Le tribunal judiciaire de Nice, dans sa deuxième chambre civile, a rendu un jugement le 16 décembre 2025. Une propriétaire assigne l’artisan et son assureur pour des malfaçons et inachèvements. La question de droit porte sur l’étendue de la responsabilité contractuelle et la garantie de l’assureur. La solution retient une responsabilité partielle de l’artisan et une garantie limitée de l’assureur.
L’office du juge dans l’évaluation du préjudice contractuel.
Le tribunal opère une distinction entre les désordres imputables à l’artisan et ceux non établis. Il écarte les traces d’humidité au plafond de la cuisine, dont la cause demeure inconnue. Il retient en revanche un lien direct entre les autres désordres et les travaux réalisés par l’artisan.
La méthode de calcul du préjudice repose sur une compensation entre créances réciproques.
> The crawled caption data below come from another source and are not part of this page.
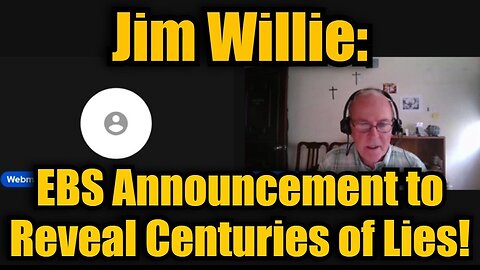 Jim Willie: EBS Announcement to Reveal Centuries of Lies!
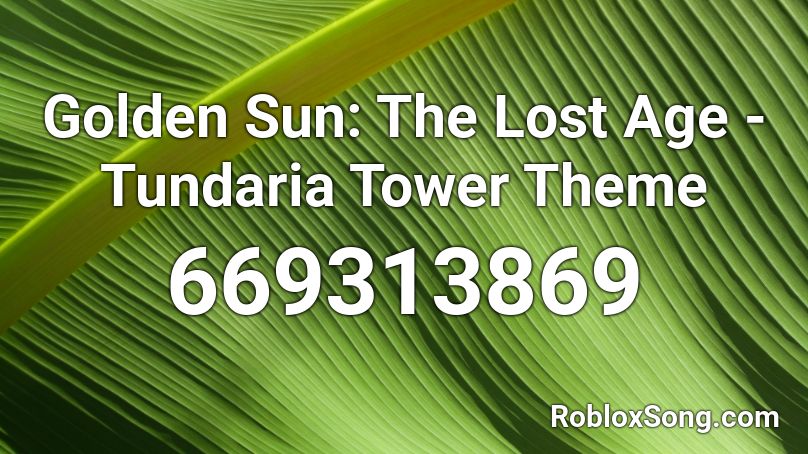 Golden Sun: The Lost Age - Tundaria Tower Theme Roblox ID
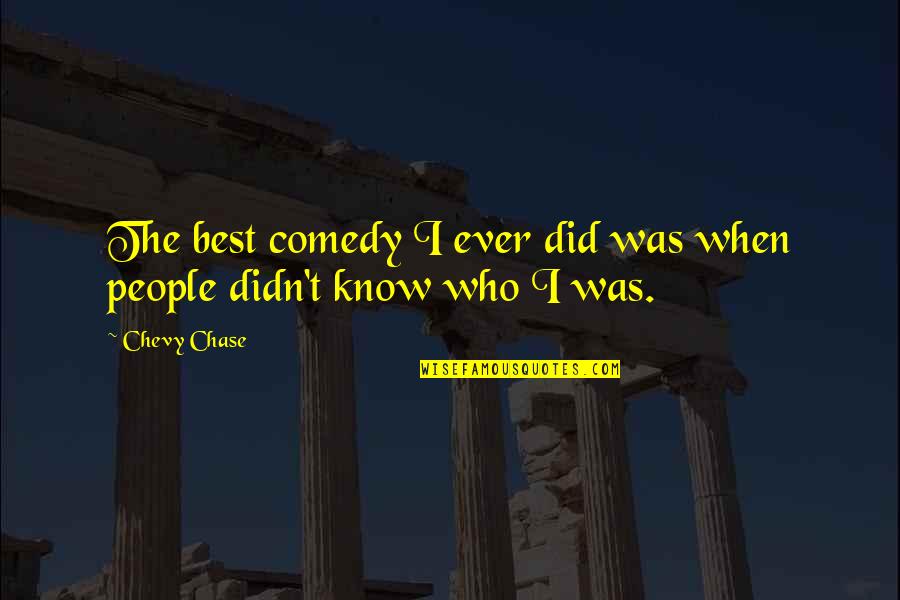D Tenons Quotes By Chevy Chase: The best comedy I ever did was when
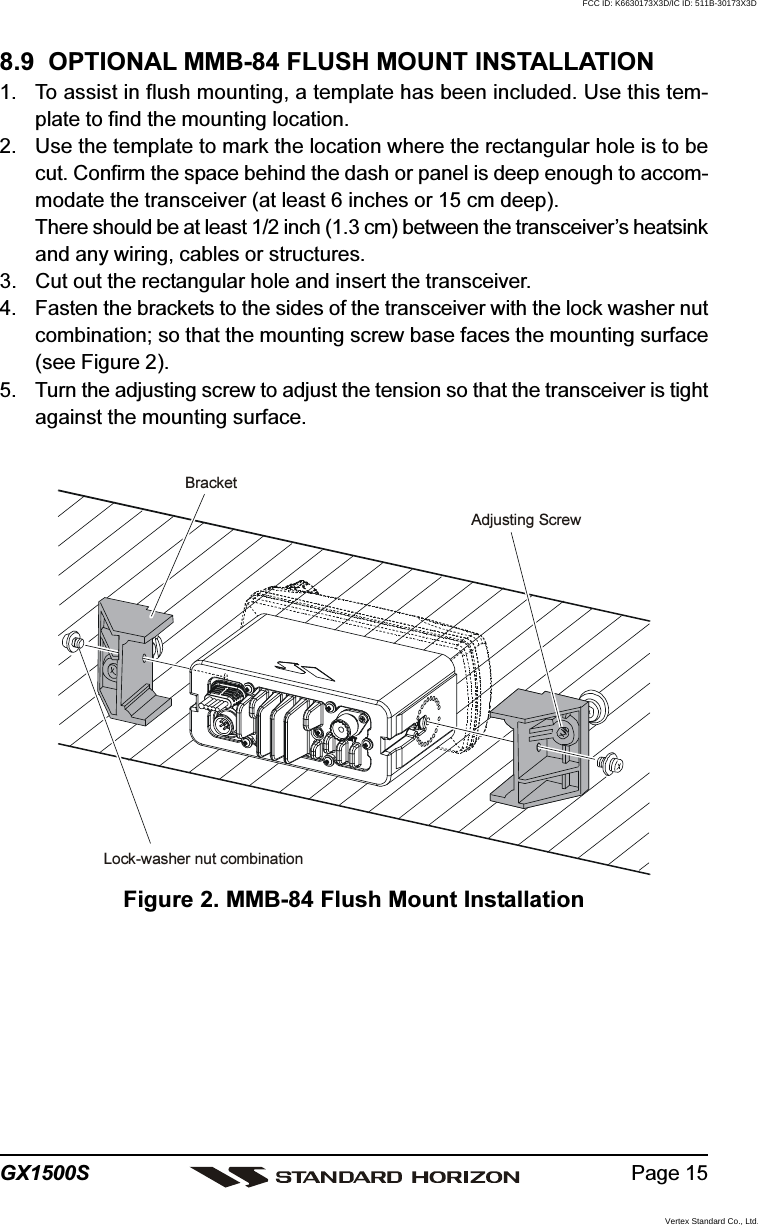 Page 15GX1500S8.9  OPTIONAL MMB-84 FLUSH MOUNT INSTALLATION1. To assist in flush mounting, a template has been included. Use this tem-plate to find the mounting location.2. Use the template to mark the location where the rectangular hole is to becut. Confirm the space behind the dash or panel is deep enough to accom-modate the transceiver (at least 6 inches or 15 cm deep).There should be at least 1/2 inch (1.3 cm) between the transceiver’s heatsinkand any wiring, cables or structures.3. Cut out the rectangular hole and insert the transceiver.4. Fasten the brackets to the sides of the transceiver with the lock washer nutcombination; so that the mounting screw base faces the mounting surface(see Figure 2).5. Turn the adjusting screw to adjust the tension so that the transceiver is tightagainst the mounting surface.Figure 2. MMB-84 Flush Mount InstallationBracketAdjusting ScrewLock-washer nut combinationFCC ID: K6630173X3D/IC ID: 511B-30173X3DVertex Standard Co., Ltd.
Le tribunal déduit la somme due par la propriétaire au titre du solde du marché du coût total des reprises. Il condamne ainsi l’artisan à verser la différence, soit 2 262 euros.
Cette solution a une valeur pratique, car elle évite un enrichissement sans cause du maître d’ouvrage. Elle illustre l’application combinée des articles 1217 et 1347 du code civil. La portée de cette décision est de rappeler que le juge doit liquider le préjudice en tenant compte des obligations non exécutées de part et d’autre.
La garantie de l’assureur face aux exclusions non écrites.
L’assureur invoque une exclusion de garantie pour les inachèvements, se fondant sur la définition du terme “dommage”. Le tribunal rejette cet argument en affirmant qu’une exclusion ne peut être déduite d’une définition. Il exige une clause expresse et non équivoque pour écarter la garantie.
Le tribunal retient une garantie partielle de l’assureur, à hauteur de 45 % du préjudice. Cette proportion est déterminée par le rapport entre les postes de préjudice non contestés et le total estimé par l’expert. L’assureur est condamné in solidum avec l’artisan à hauteur de ce pourcentage.
La valeur de ce raisonnement est de protéger l’assuré contre des exclusions implicites. Il rappelle que la loi du contrat d’assurance impose une rédaction claire des clauses limitatives. La portée de la décision est de sanctionner l’assureur qui tente de restreindre sa garantie par une simple définition ambiguë.